The Mayo Clinic Lung Cancer Program is one of the country's largest and most experienced practices focused on lung cancer, mesotheliomas, thymomas and other chest (thoracic) cancers. Mayo Clinic's practice is integrated across the U.S., with programs in Phoenix and Scottsdale, Arizona, Jacksonville, Florida, and Rochester, Minnesota, and affiliated practices across the Midwest.

Mayo Clinic focuses a team of specialists on your needs. For instance, the program regularly conducts a Tumor Board meeting, where specialists discuss all complex medical cases currently under their care. In addition to experts in your specific disease, Mayo Clinic houses doctors and surgeons with expertise in virtually every medical specialty.

Having a multidisciplinary team of experts on your side means doctors can cater your care plan to address all of your health care needs, including other medical conditions you may have.

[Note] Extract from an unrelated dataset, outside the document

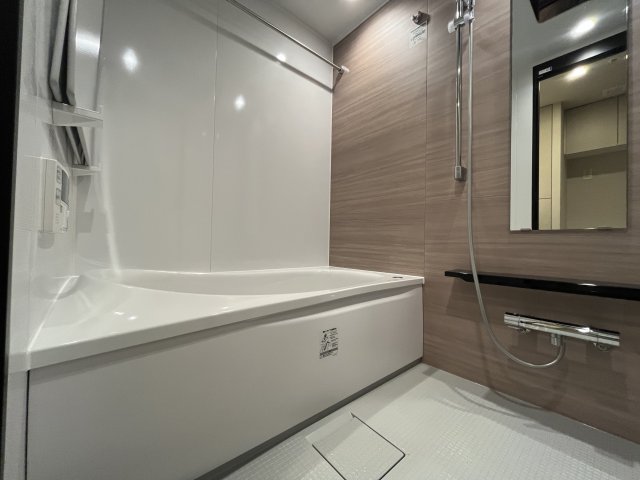 プライムメゾン千葉新町 お風呂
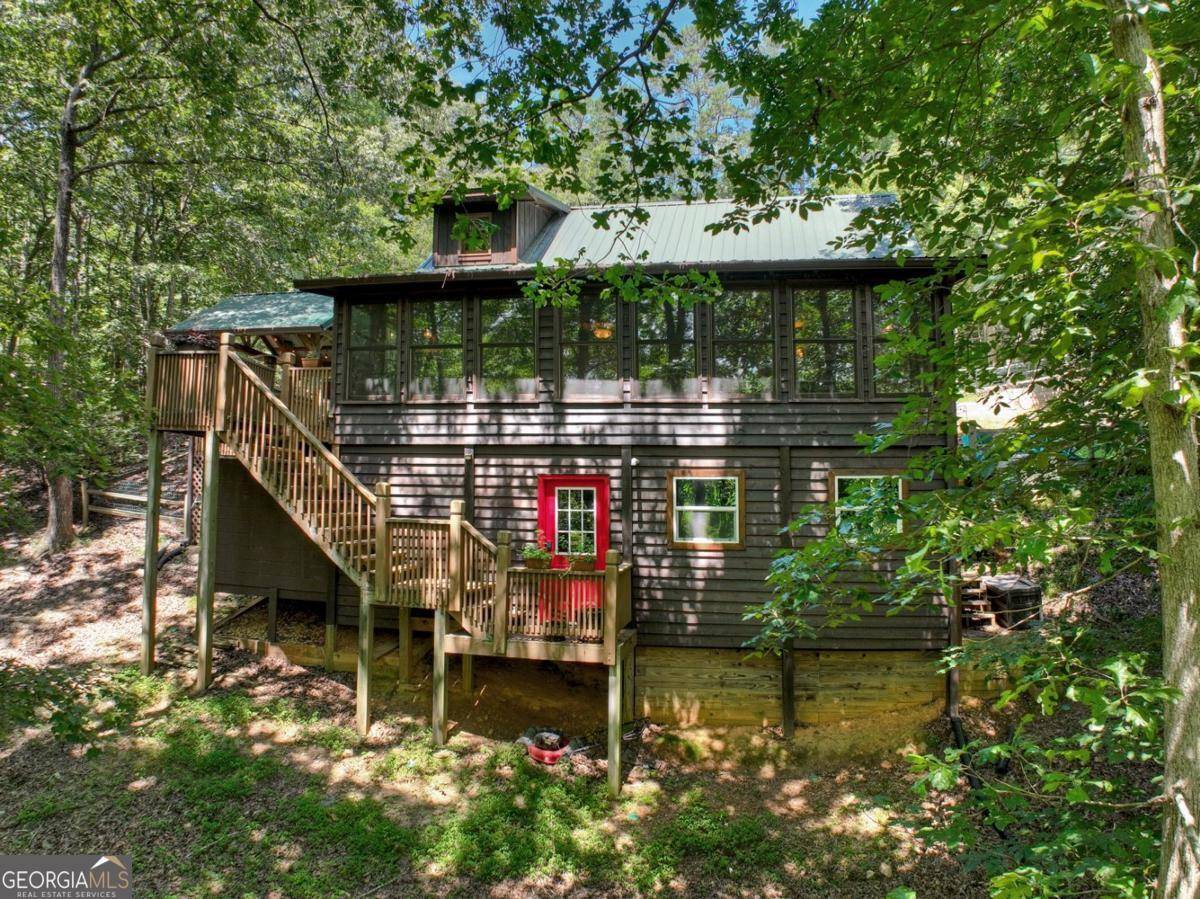 Ellijay, GA 30540,64 Kismet CT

Your Mayo Clinic care team

Chest (thoracic) malignancies, including lung cancer, have better outcomes when they're treated by a multidisciplinary team of experts. Mayo Clinic experts evaluate and treat thousands of people with chest cancers every year. A team of specialists examines your history and coordinates a quick yet thorough evaluation with access to the full range of modern diagnostics, including imaging, molecular testing, guided bronchoscopy, pleuroscopy and image-guided biopsy.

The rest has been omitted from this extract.